The problem is at line: `messageStream.map(....`
2) Maybe the above issue is related to the fact that DataStream
has no type. But if I try to make:
DataStream<String> messageStream = env.addSource(...
The code will not compile due cannot resolve constructor FlinkKafkaConsumer09 ...
The pom.xml
(the important part):
<dependencies>
<dependency>
<groupId>org.apache.flink</groupId>
<artifactId>flink-java</artifactId>
<version>1.1.1</version>
</dependency>
<dependency>
<groupId>org.apache.flink</groupId>
<artifactId>flink-streaming-java_2.11</artifactId>
<version>1.1.1</version>
</dependency>
<dependency>
<groupId>org.apache.flink</groupId>
<artifactId>flink-clients_2.11</artifactId>
<version>1.1.1</version>
</dependency>
<dependency>
<groupId>org.apache.flink</groupId>
<artifactId>flink-connector-kafka-0.9_2.11</artifactId>
<version>1.1.1</version>
</dependency>
</dependencies>
I've been looking for some code in Flink that uses a JSON DeserializationSchema without success. I've just found the unit test for the JSONKeyValueDeserializationSchema
at this link
Does anyone knows how to do the right way?
Thanks
Upvotes: 3
Views: 13075
Reputation: 189
I followed Vishnu viswanath answer, however JSONKeyValueDeserializationSchema raises an exception during JSON parser step, even for a simple JSON as {"name":"John Doe"}
.
The code that throws is:
DataStream<ObjectNode> messageStream = env.addSource(
new FlinkKafkaConsumer09<>(parameterTool.getRequired("topic")
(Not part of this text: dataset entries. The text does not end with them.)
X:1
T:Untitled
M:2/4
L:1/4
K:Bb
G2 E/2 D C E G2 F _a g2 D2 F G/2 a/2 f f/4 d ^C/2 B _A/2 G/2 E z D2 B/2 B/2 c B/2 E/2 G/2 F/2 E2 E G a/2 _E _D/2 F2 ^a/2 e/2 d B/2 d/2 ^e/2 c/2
, new JSONKeyValueDeserializationSchema(false), parameterTool.getProperties()));
messageStream.rebalance().map(new MapFunction<ObjectNode, String>() {
private static final long serialVersionUID = -6867736771747690202L;
@Override
public String map(ObjectNode node) throws Exception {
return "Kafka and Flink says: " + node.get(0);
}
}).print();
Output:
09/05/2016 11:16:02 Job execution switched to status FAILED.
Exception in thread "main" org.apache.flink.runtime.client.JobExecutionException: Job execution failed.
at org.apache.flink.runtime.jobmanager.JobManager$$anonfun$handleMessage$1$$anonfun$applyOrElse$7.apply$mcV$sp(JobManager.scala:822)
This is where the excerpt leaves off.